Tre le donne invitate a tenere una relazione al summit. Linda Ghisoni, sottosegretario del Dicastero per i laici, la famiglia e la vita, ha chiesto ai cardinali e ai vescovi presenti di “lavorare affinché in futuro non desti più tanto clamore un evento come questo meeting, e la Chiesa, Popolo di Dio, si prenda cura, in modo competente, responsabile e amorevole, delle persone coinvolte, di quanto accaduto, affinché la prevenzione non si esaurisca in un bel programma, ma divenga atteggiamento pastorale ordinario”. Le ha fatto eco suor Veronica Openibo, superiora generale della Società del Santo Bambino Gesù, che ha aggiunto: “Ho letto con grande interesse molti articoli sulle reazioni del Papa nel caso dei vescovi cileni, dalla negazione delle accuse alla rabbia per l’inganno e l’insabbiamento, all’accettazione delle dimissioni di tre vescovi. L’ammiro, Fratel Francesco, per essersi preso del tempo, da vero gesuita, per discernere e per essere abbastanza umile da cambiare idea, chiedere scusa e agire: un esempio per tutti noi”. L’ultimo intervento è stato di Valentina Alazraki, vaticanista dell’emittente messicana Noticieros Televisa fin dal 1974. Una scelta altrettanto significativa quella di invitare una giornalista a parlare alle gerarchie ecclesiastiche sulla trasparenza nei casi di pedofilia.

Intervenendo durante i lavori, Francesco ha sottolineato proprio l’importanza delle voci femminili nel dibattito. “Ho sentito – ha affermato Bergoglio – la Chiesa parlare di se stessa. Cioè tutti noi abbiamo parlato sulla Chiesa. In tutti gli interventi. Ma questa volta era la Chiesa stessa che parlava. Non è solo una questione di stile: il genio femminile che si rispecchia nella Chiesa che è donna. Invitare a parlare una donna non è entrare nella modalità di un femminismo ecclesiastico, perché alla fine ogni femminismo finisce con l’essere un machismo con la gonna.
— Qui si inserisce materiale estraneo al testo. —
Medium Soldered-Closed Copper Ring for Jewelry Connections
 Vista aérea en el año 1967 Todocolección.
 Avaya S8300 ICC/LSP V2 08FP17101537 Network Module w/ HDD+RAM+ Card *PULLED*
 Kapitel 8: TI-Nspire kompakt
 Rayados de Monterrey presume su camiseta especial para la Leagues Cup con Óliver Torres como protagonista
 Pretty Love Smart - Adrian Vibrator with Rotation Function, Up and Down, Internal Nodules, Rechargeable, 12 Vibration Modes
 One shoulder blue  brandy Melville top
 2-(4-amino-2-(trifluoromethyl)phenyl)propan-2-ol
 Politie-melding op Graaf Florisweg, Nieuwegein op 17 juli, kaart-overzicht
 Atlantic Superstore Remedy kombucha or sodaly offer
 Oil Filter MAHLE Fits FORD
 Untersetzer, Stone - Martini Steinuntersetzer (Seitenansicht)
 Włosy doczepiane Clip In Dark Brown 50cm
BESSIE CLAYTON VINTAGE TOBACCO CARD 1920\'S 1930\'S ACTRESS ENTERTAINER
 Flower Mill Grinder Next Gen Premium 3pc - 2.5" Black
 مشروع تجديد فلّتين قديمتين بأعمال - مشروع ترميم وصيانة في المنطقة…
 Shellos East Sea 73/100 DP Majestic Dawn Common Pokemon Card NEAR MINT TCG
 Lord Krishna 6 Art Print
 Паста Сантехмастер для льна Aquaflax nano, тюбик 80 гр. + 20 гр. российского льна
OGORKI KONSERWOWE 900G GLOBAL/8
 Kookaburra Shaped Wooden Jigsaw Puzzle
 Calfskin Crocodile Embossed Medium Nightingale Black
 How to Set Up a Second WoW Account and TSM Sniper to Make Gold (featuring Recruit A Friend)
No. Invitare a parlare una donna sulle ferite della Chiesa è invitare la Chiesa a parlare su se stessa, sulle ferite che ha. E questo credo che sia il passo che noi dobbiamo fare con molta forza: la donna è l’immagine della Chiesa che è donna, è sposa, è madre. Uno stile. Senza questo stile parleremmo del popolo di Dio ma come organizzazione, forse sindacale, ma non come famiglia partorita dalla madre Chiesa”. Il Papa ha concluso che “non si tratta di dare più funzioni alla donna nella Chiesa – sì, questo è buono, ma così non si risolve il problema – si tratta di integrare la donna come figura della Chiesa nel nostro pensiero. E pensare anche la Chiesa con le categorie di una donna”.